I've thought about a couple ways to speed this up:

SIMD instructions? However I can't seem to find any resources for writing SIMD specific code in visual studio.
Parallelization - though I already parallalize the entire execution itself, so the program runs X instances of itself based on X cores. The program's input is a large amounts of image files, so those X instances would all be processing separate files.

What would give me the most bang for my buck? Thanks for any suggestions!

Upvotes: 0

Answers (2)

Peter Cordes

Reputation: 364408

First of all, use _t names for types, not arrays. Let's call the array template_multipliers[].

If template_multipliers is const, and the variables are unsigned, the compiler can sum it at compile-time and optimize away the inner loop entirely.

For gcc, we also get better code from hoisting the sum of template_t out of the loop. In this case, it manages to sum at compile time even with int, instead of unsigned int.

Signed overflow is undefined behaviour, and this may be why gcc is sometimes bad about knowing what will actually happen on the target machine it's optimizing for. (e.g. on x86 it's not something you need to avoid. The final result of a sequence of additions doesn't depend on the order of operations, even if some orders produce signed overflow in a temporary result and some don't. gcc doesn't always take advantage of addition's associativity in the signed case).

This is purely a gcc limitation. Your code must avoid signed overflow in the source-level order of operations, but if the compiler knows that you'll get the same results from doing something else that's faster, it can and should.

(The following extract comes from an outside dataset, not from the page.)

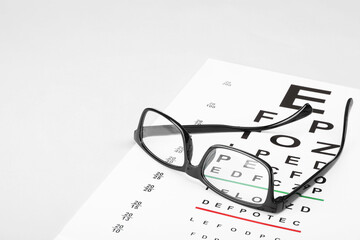 Glasses and vision test chart isolated on white
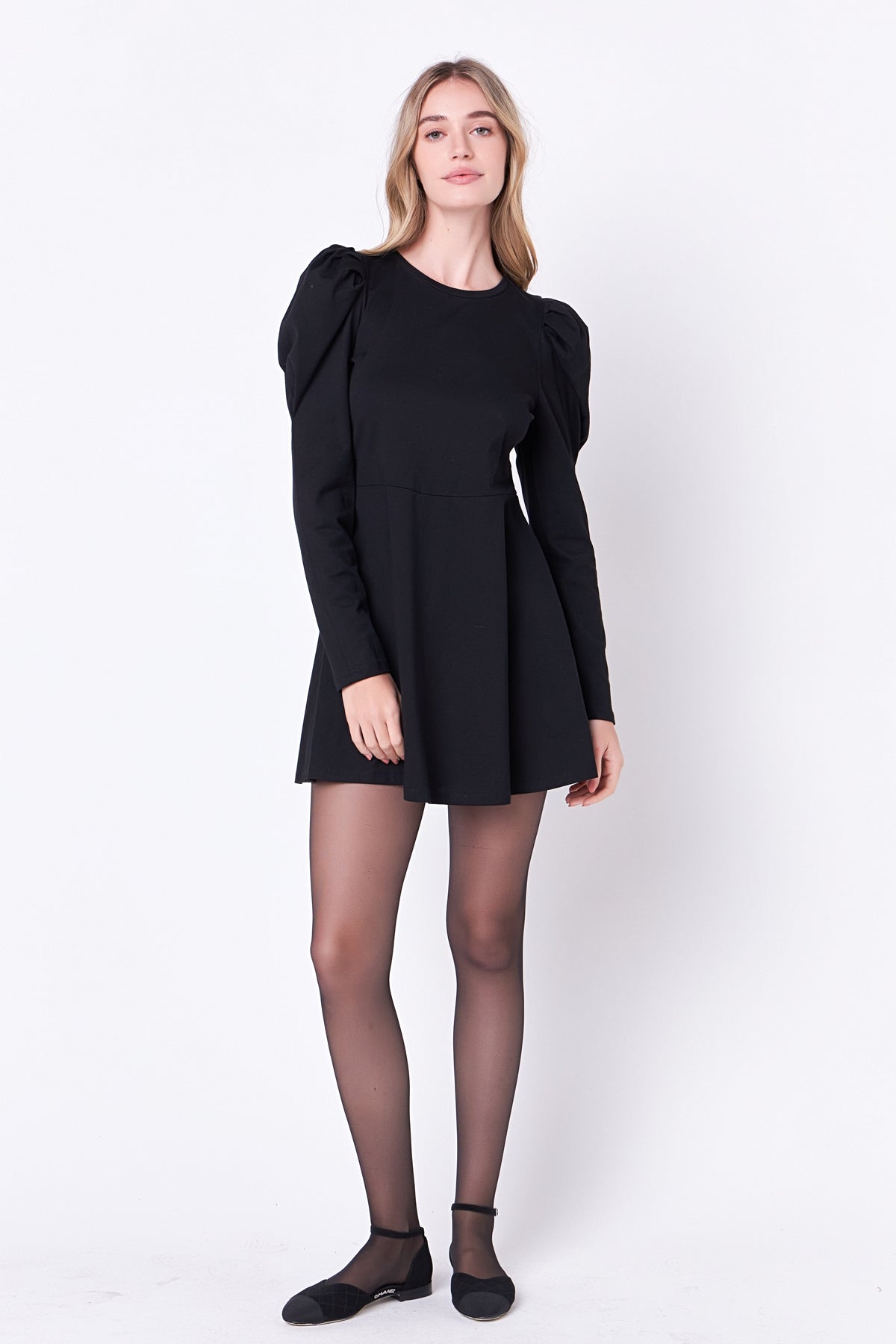 ENGLISH FACTORY - Long Puff Sleeve Mini Dress - DRESSES available at Objectrare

// aligning the arrays makes gcc's asm output *MUCH* shorter: no fully-unrolled prologue/epilogue for handling unaligned elements
#define DIM1 320
#define DIM2 1000
alignas(32) unsigned int image[DIM1][DIM2];
alignas(32) unsigned int template_image[DIM1][DIM2];

// with const, gcc can sum them at compile time.
const
static unsigned int template_multipliers[] = {1, 2, 3, 4, 5, 6, 7, 8, 8, 10, 11, 12, 13,   125};
const static int template_length = sizeof(template_multipliers) / sizeof(template_multipliers[0]);


void loop_hoisted(void) {
  for(int i = 0; i < DIM1; i++) {
    for(int j = 0; j < DIM2; j++) {
        // iterate over template to find template value per pixel
        unsigned int tmp = 0;
        for(int h = 0; h < template_length; h++)
            tmp += template_multipliers[h];
        template_image[i][j] += tmp * image[i][j];

    }
  }
}

gcc 5.3 with -O3 -fverbose-asm -march=haswell auto-vectorizes this with an inner loop of:

# gcc inner loop: ymm1 = set1(215) = sum of template_multipliers
.L2:
    vpmulld ymm0, ymm1, YMMWORD PTR [rcx+rax] # vect__16.10, tmp115, MEM[base: vectp_image.8_4, index: ivtmp.18_90, offset: 0B]
    vpaddd  ymm0, ymm0, YMMWORD PTR [rdx+rax]   # vect__17.12, vect__16.10, MEM[base: vectp_template_image.5_84, index: ivtmp.18_90, offset: 0B]
    vmovdqa YMMWORD PTR [rdx+rax], ymm0       # MEM[base: vectp_template_image.5_84, index: ivtmp.18_90, offset: 0B], vect__17.12
    add     rax, 32   # ivtmp.18,
    cmp     rax, 4000 # ivtmp.18,
    jne     .L2       #,

This is 9 fused-domain uops in the inner loop on Intel Haswell, since pmulld is 2 uops on Haswell and later (and can't micro-fuse even with a one-register addressing mode). This means the loop can only run at one iteration per 3 clocks. gcc could have saved 2 uops (so it would run at one iteration per 2 clocks) by using a pointer-increment for the destination, and a dst + src-dst 2-register addressing mode for the src (since it can't micro-fuse anyway).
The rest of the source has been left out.